On November 9th, 2015 we learned about

Mortuneria, the plesiosaur that skipped biting to sift for its snacks

Looking at a tyrannosaurus in the mouth, it’s immediately evident that these animals were eating meat. The multi-ridged molars of a triceratops look great for grinding up plants. Hadrosaurs are a bit more complicated, but those teeth still pretty obviously meant to eat stalks and twigs. And the hoop-shaped mouths of a Mortuneria, with teeth jutting out of the lower jaw, were strictly for… well… that might take some time to work out. Fortunately, researchers from Marshall University have been working on this baffling mouth for the last 25 years, and believe this odd plesiosaur used it’s mouth to dredge the ocean floor, sifting through the mud to find small, immobile prey. Obvious, right?

Jumbled jaw, filtering fangs

Mortuneria lived in the Cretaceous period along side may other marine reptiles. Most of its peers were occupying more traditional predatory niches in the oceanic environment, preying on both small and large sea-life, while growing as large as 50 feet long. Their jaws varied in size and bulk, but they were generally consistent with mouths meant to capture and swallow swimming prey. Mortuneria’s mouth didn’t follow this layout, with the jaws moving to an overlapping position if they were ever forced closed in a bite. Further weakening the bite was the fact that the teeth were not aligned to slice or grind against each other. The top row of thin teeth pointed down, as you might expect, but rather than interlocking, the teeth on the lower jaw stick out and even further down, in an array my six-year-old called a “tooth beard.”
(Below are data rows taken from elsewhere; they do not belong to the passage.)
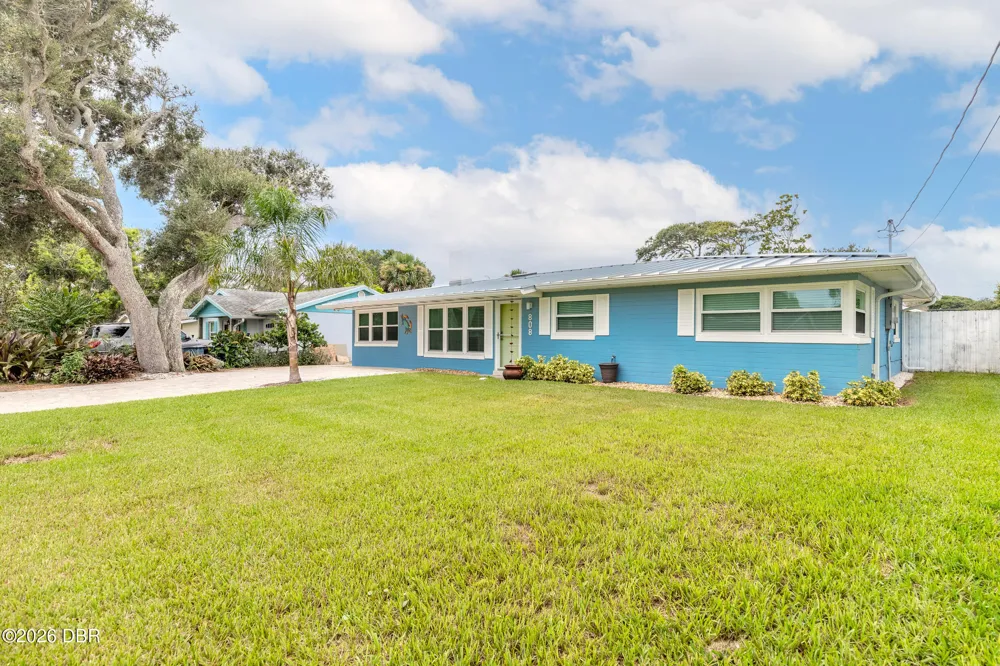 808 E 16th Avenue New Smyrna Beach, FL 32169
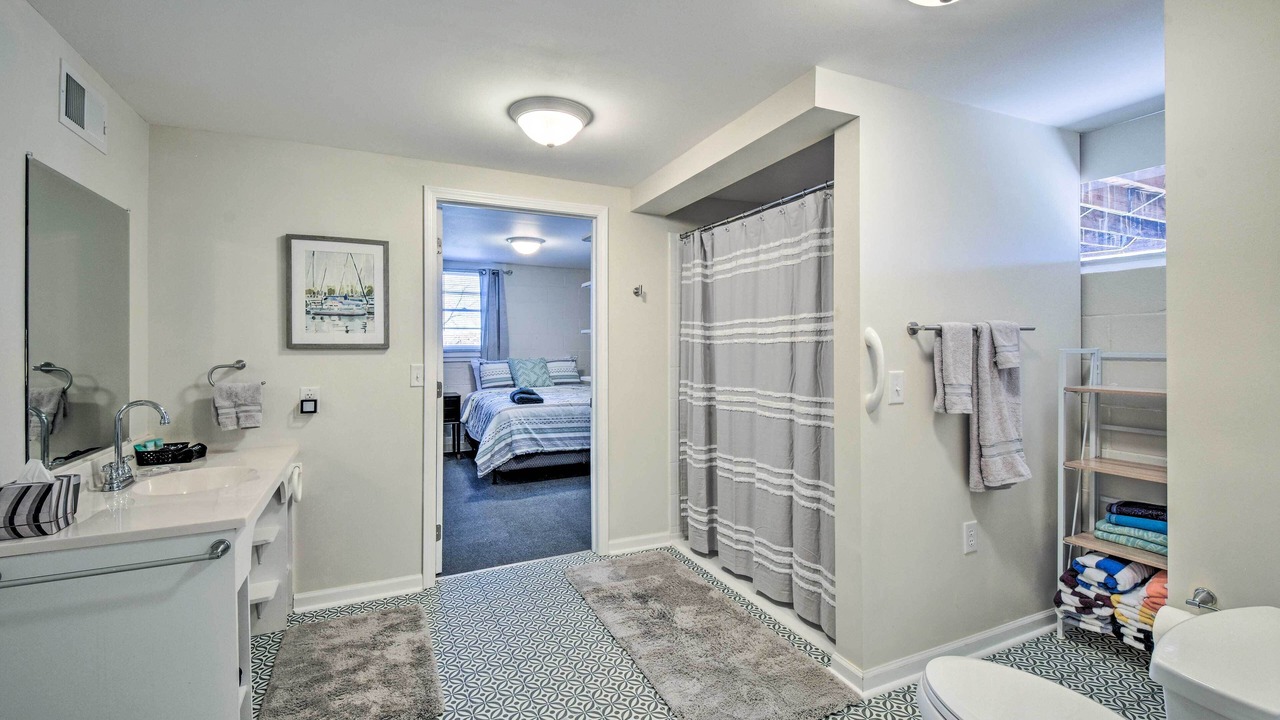 Photo of Bathroom in Seneca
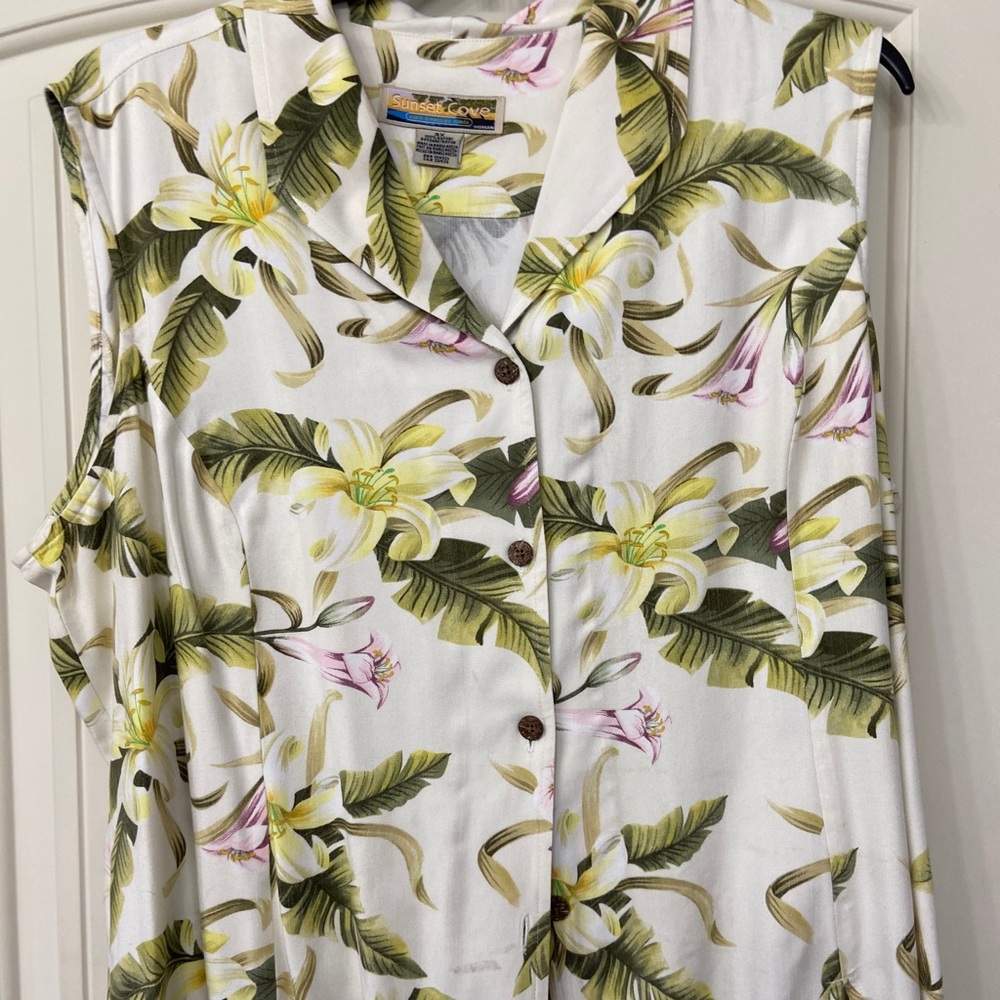 Sleeveless top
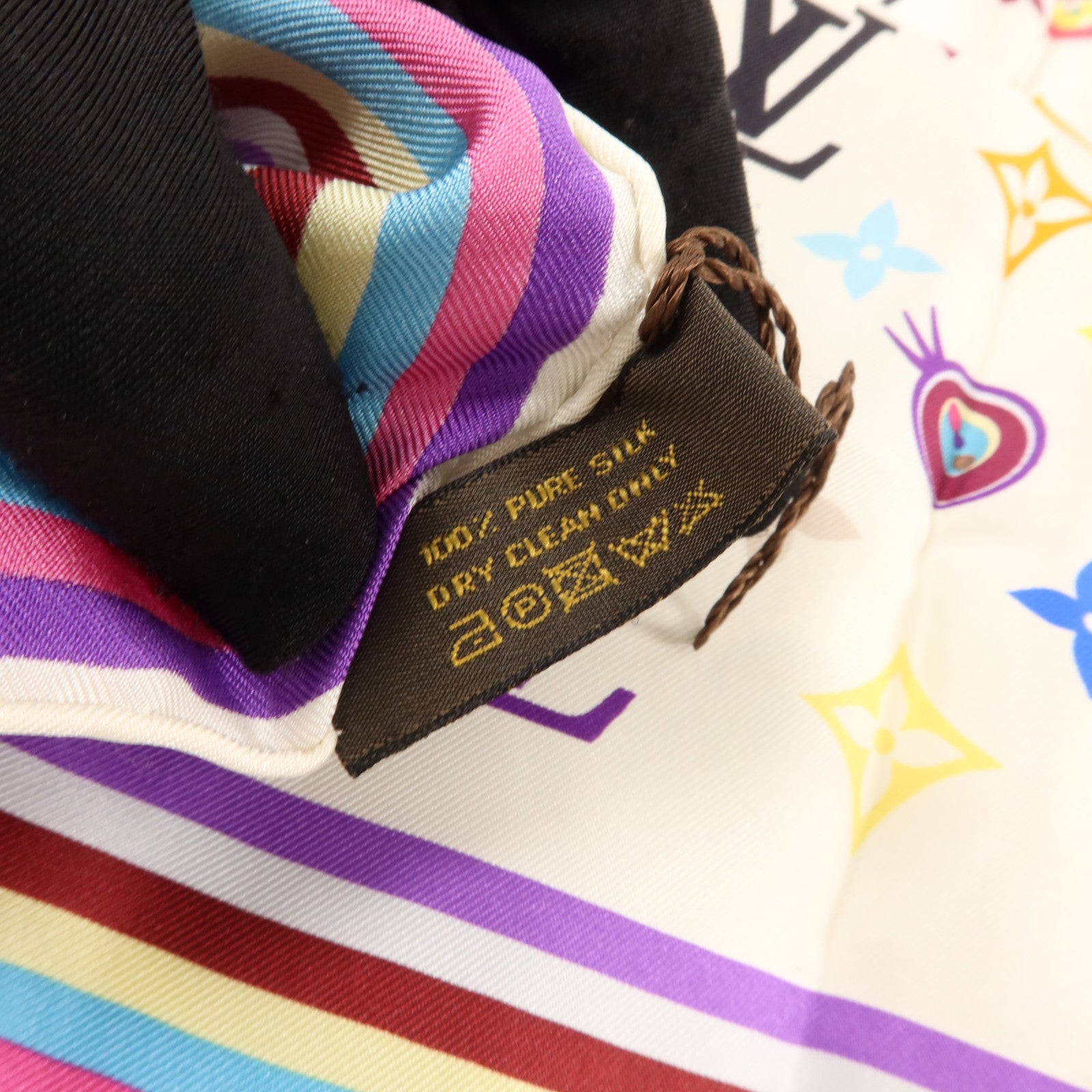LOUIS VUITTON 絲質Eye Love Monogram Silk Scarf 67 x 67cm絲巾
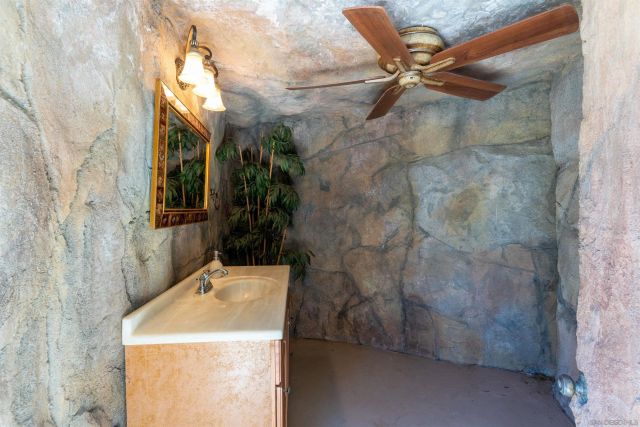 3537 Rosa Way, Fallbrook, CA 92028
It was clear that Mortuneria wasn’t biting, but what could it do with this odd dental arrangement? The lower teeth are assumed to have acted as an external seive as the reptile dredged the sea floor, churning up small crustaceans and molluscs. The top teeth would have further filtered out mud and rock. To finish the process, Mortuneria had a notably deep palate, which would have allowed it to expunge larger amounts of water from between the top teeth, trapping food inside the mouth.

A mouth so weird, evolution made it twice

If this plesiosaur’s anatomy weren’t odd enough, there’s a new question of Mortuneria’s lineage. There are some possible filter feeding plesiosaurs from the Jurassic, but they seem to have been extinct well before Mortuneria appeared in the Cretaceous. Without new specimens linking the species together, it would seem that filter feeding evolved more than once among marine reptiles. It’s possible that they were so dominant in the oceans as predators that species had to into new diets, like filter feeding, in order to carve out an ecological niche of their own.